» PROMPT
Set down, exactly as written, the line containing "vintage floral crotchet pot holder" and all the lines that follow it to the end of the entries below, omitting every picture.

-*-*-

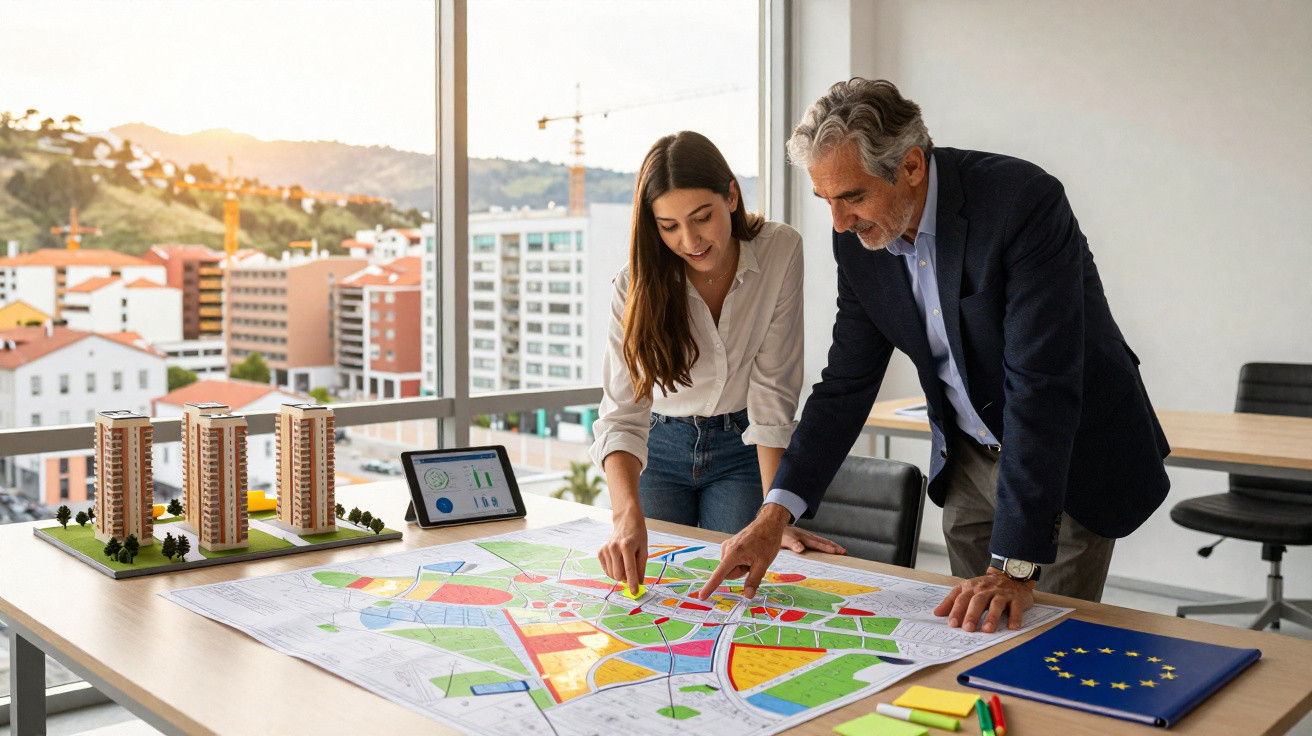 Duas pessoas a analisar maquete e mapas urbanos numa sala com vista para cidade e colinas ao fundo.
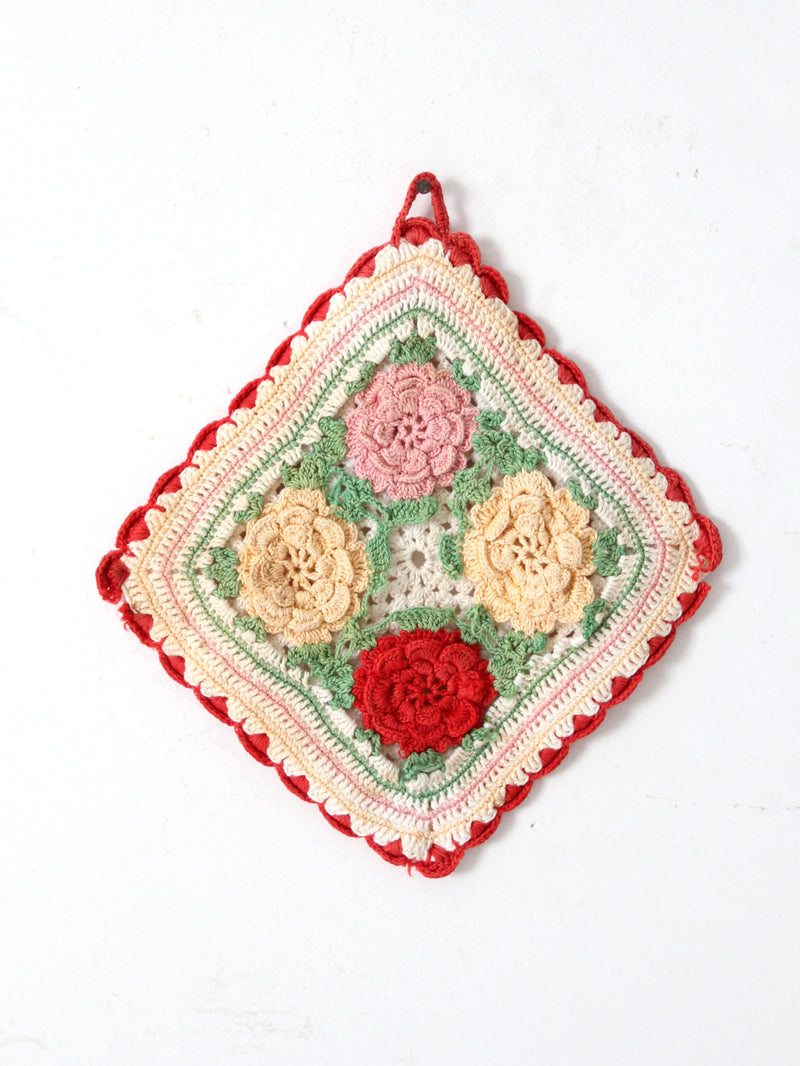vintage floral crotchet pot holder
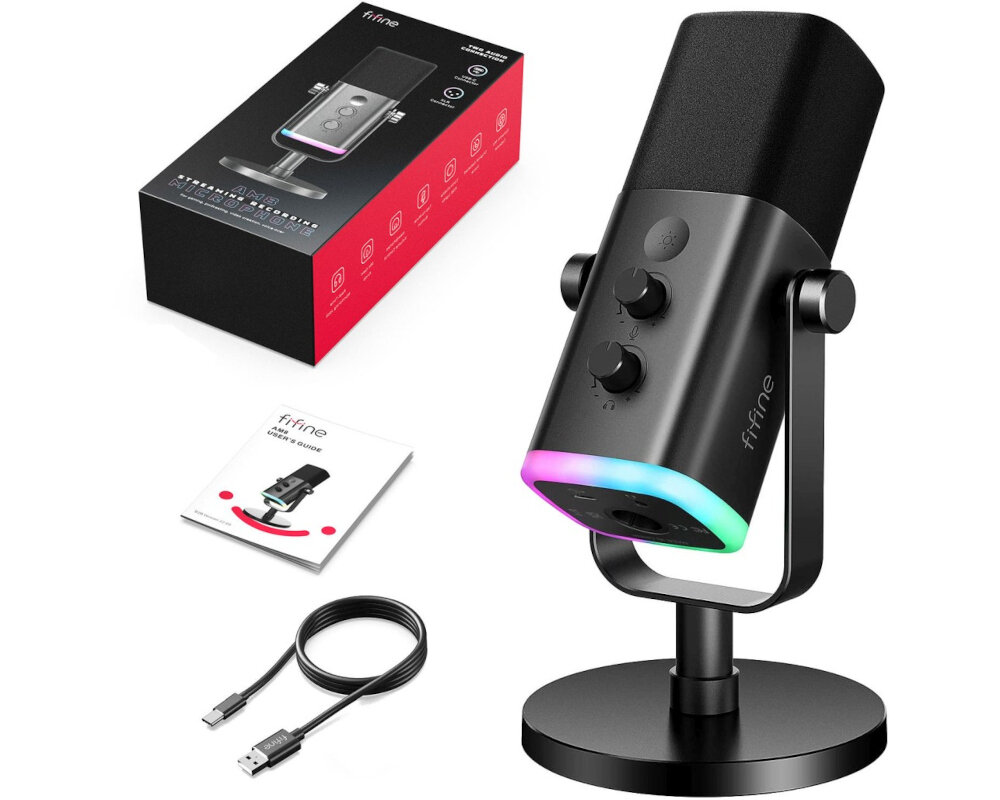Mikrofon FIFINE AM8 RGB możliwości przeznaczenie mikrofonu zakłócenia podświetlenie RGB możliwości design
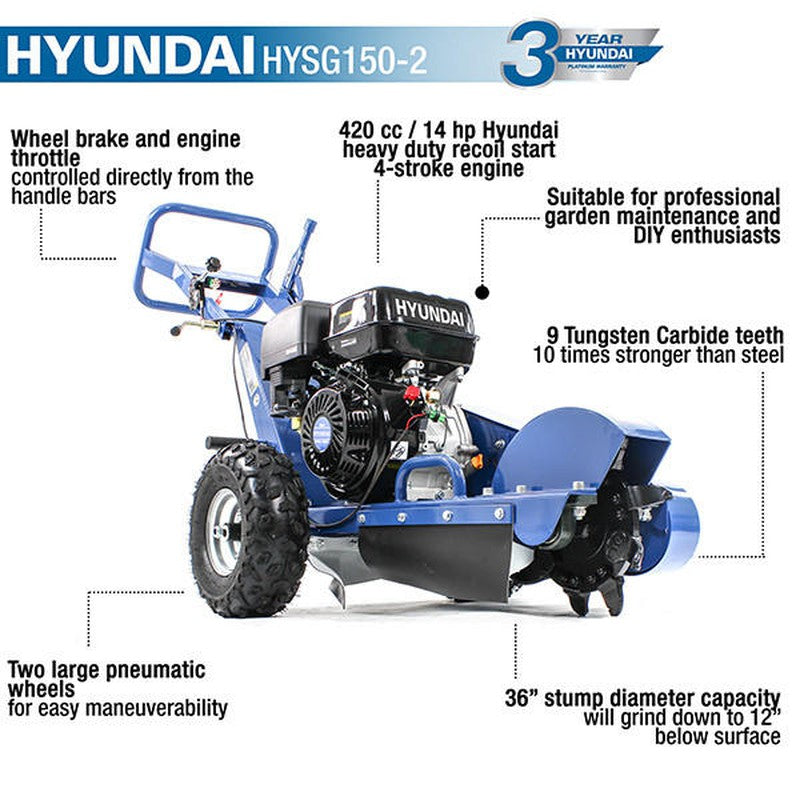 Hyundai HYSG150-2 Petrol Stump Grinder Heavy Duty / 14hp / 420cc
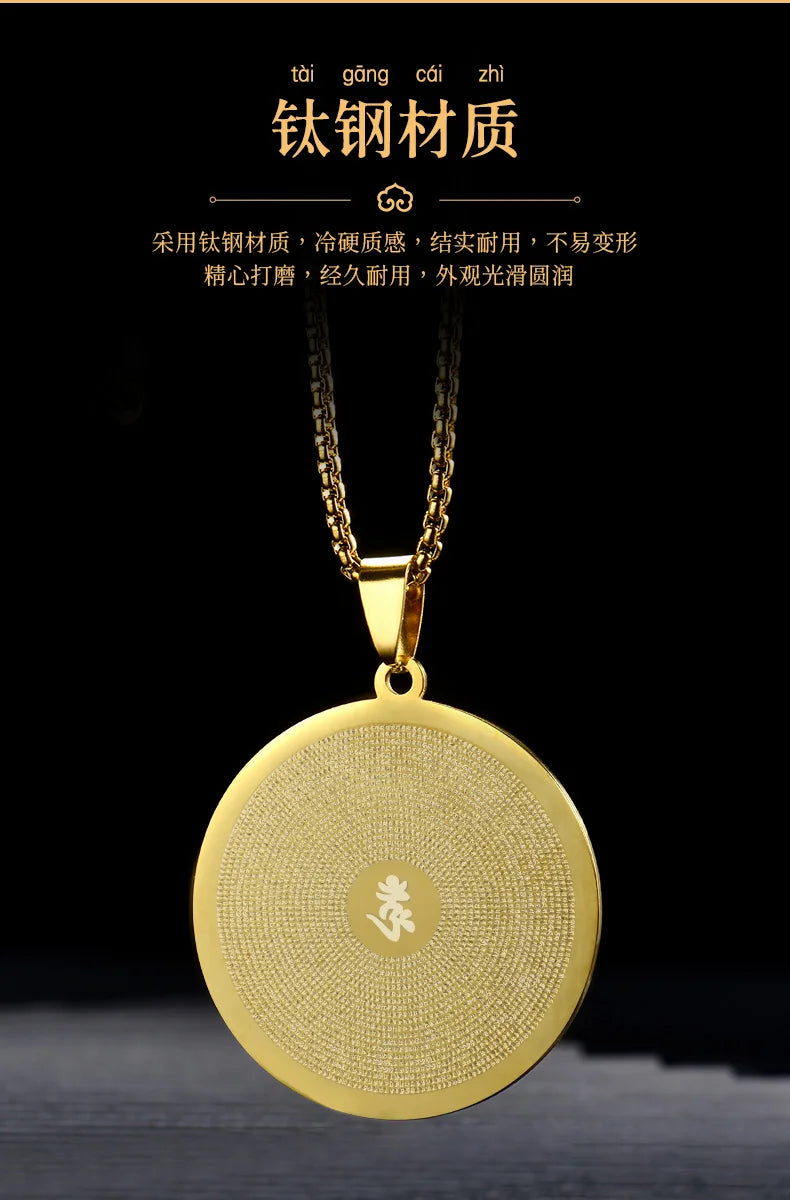 Asia Thailand Tibet Buddhist efficacious fashion Titanium steel Shurangama Mantra scripture Amulet safe good luck Buddha Pendant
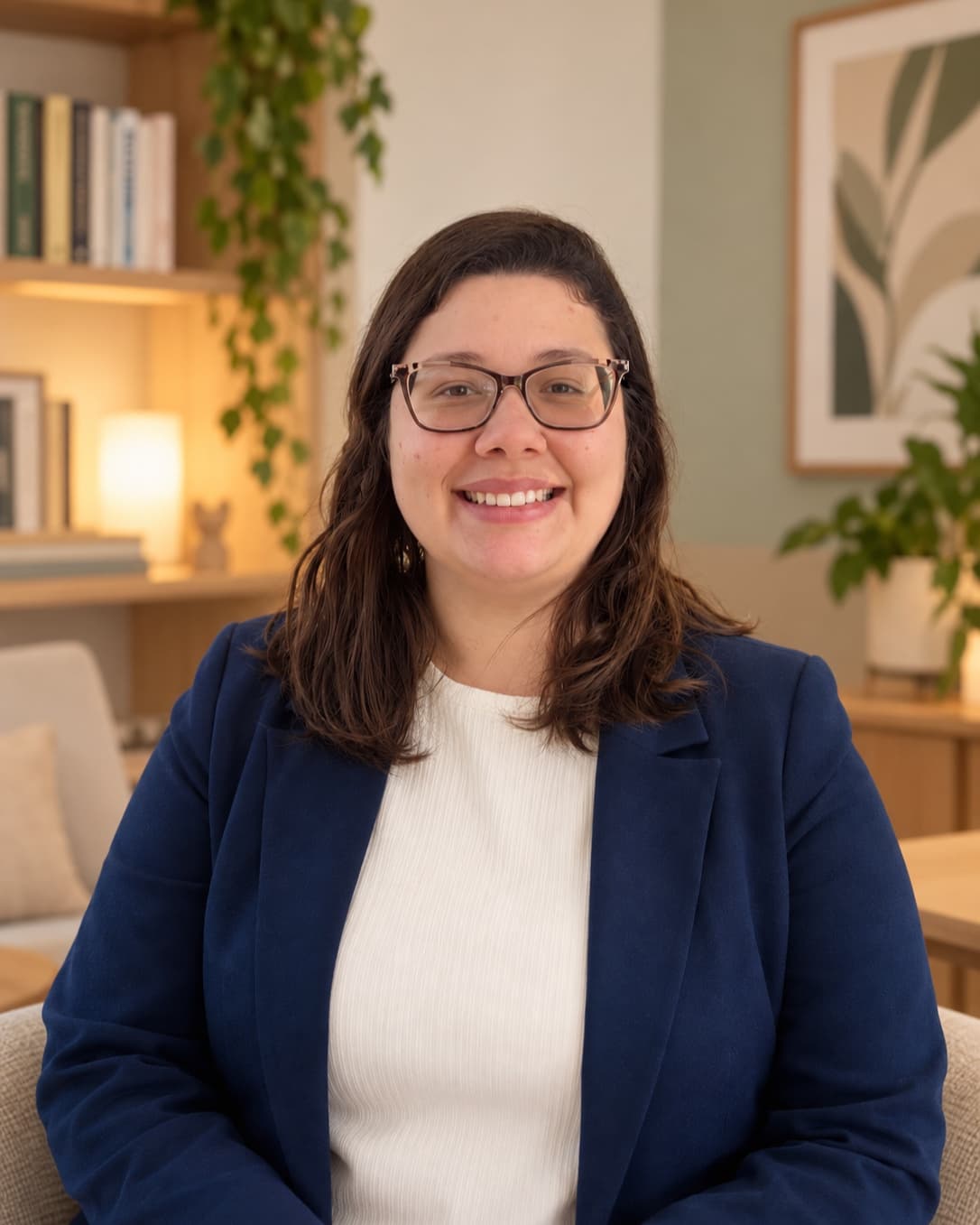 Gabriela da Silva, psicóloga, sorrindo em um ambiente acolhedor de consultório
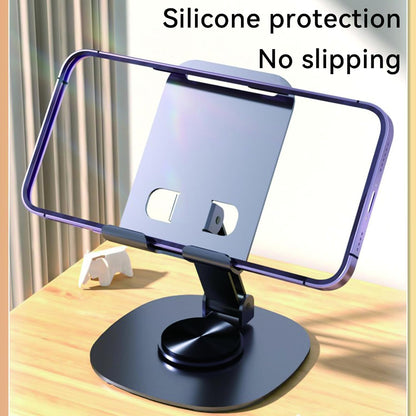 Adjustable Cell Phone Stand,360 Rotating Foldable Desktop Cellphone Stand with Anti-Slip Base Portable Phone Holder for iPhone 16 15 14 13 Pro Max, All Smart Phones, iPad (Wood)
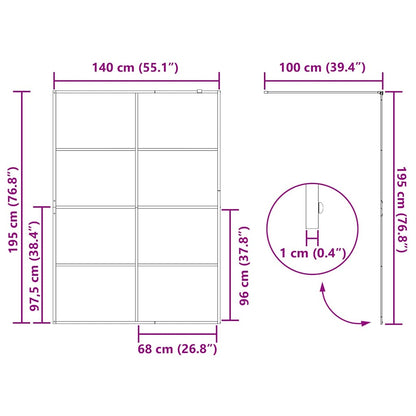 Walk-in Shower Wall Gold 140 x 195 cm Tempered Glass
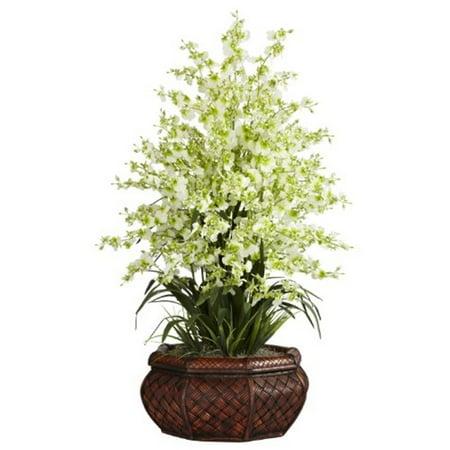Nearly Natural Large Dancing Lady with Round Vase Silk Flower Arrangement, Green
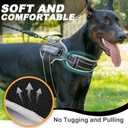 Neck Padded Service Dog Vest Harness and Leash Set, No Pull Adjustable Service Pet Harness with 8 Dog Patches, Reflective in Training Easy Control Pet Vest with 5ft Dog Leash for Medium & Large Dogs (Black)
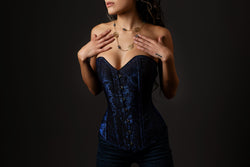 Silk Overbust Corset; Sparkle Blue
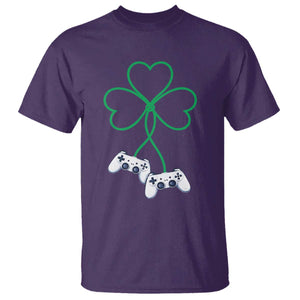 Video Game Lover St Patricks Day with Shamrock Controllers T Shirt TS11 Purple Print Your Wear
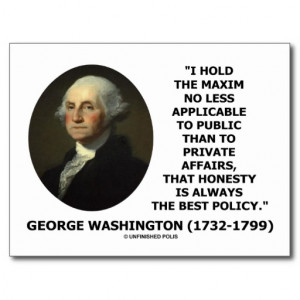George Washington Maxim Honesty Best Policy Quote Postcard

-*-*-

» ANSWER TO THIS EXERCISE
vintage floral crotchet pot holder
Mikrofon FIFINE AM8 RGB możliwości przeznaczenie mikrofonu zakłócenia podświetlenie RGB możliwości design
 Hyundai HYSG150-2 Petrol Stump Grinder Heavy Duty / 14hp / 420cc
 Asia Thailand Tibet Buddhist efficacious fashion Titanium steel Shurangama Mantra scripture Amulet safe good luck Buddha Pendant
 Gabriela da Silva, psicóloga, sorrindo em um ambiente acolhedor de consultório
 Adjustable Cell Phone Stand,360 Rotating Foldable Desktop Cellphone Stand with Anti-Slip Base Portable Phone Holder for iPhone 16 15 14 13 Pro Max, All Smart Phones, iPad (Wood)
 Walk-in Shower Wall Gold 140 x 195 cm Tempered Glass
Nearly Natural Large Dancing Lady with Round Vase Silk Flower Arrangement, Green
 Neck Padded Service Dog Vest Harness and Leash Set, No Pull Adjustable Service Pet Harness with 8 Dog Patches, Reflective in Training Easy Control Pet Vest with 5ft Dog Leash for Medium & Large Dogs (Black)
 Silk Overbust Corset; Sparkle Blue
 Video Game Lover St Patricks Day with Shamrock Controllers T Shirt TS11 Purple Print Your Wear
George Washington Maxim Honesty Best Policy Quote Postcard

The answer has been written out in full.